▶ [Data provided]:
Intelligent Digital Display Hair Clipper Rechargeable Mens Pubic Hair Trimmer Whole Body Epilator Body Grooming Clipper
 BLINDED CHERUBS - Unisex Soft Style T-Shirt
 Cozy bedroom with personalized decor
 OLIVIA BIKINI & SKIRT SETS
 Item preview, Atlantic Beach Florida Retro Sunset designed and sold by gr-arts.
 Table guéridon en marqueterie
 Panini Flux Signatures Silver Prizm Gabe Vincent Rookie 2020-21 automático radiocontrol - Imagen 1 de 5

▶ [Directions for this task]:
Each line from the one containing "Table guéridon en marqueterie" to the end of the listing above must be printed exactly, and no other line may appear.

▶ [Answer to this exercise]:
 Table guéridon en marqueterie
 Panini Flux Signatures Silver Prizm Gabe Vincent Rookie 2020-21 automático radiocontrol - Imagen 1 de 5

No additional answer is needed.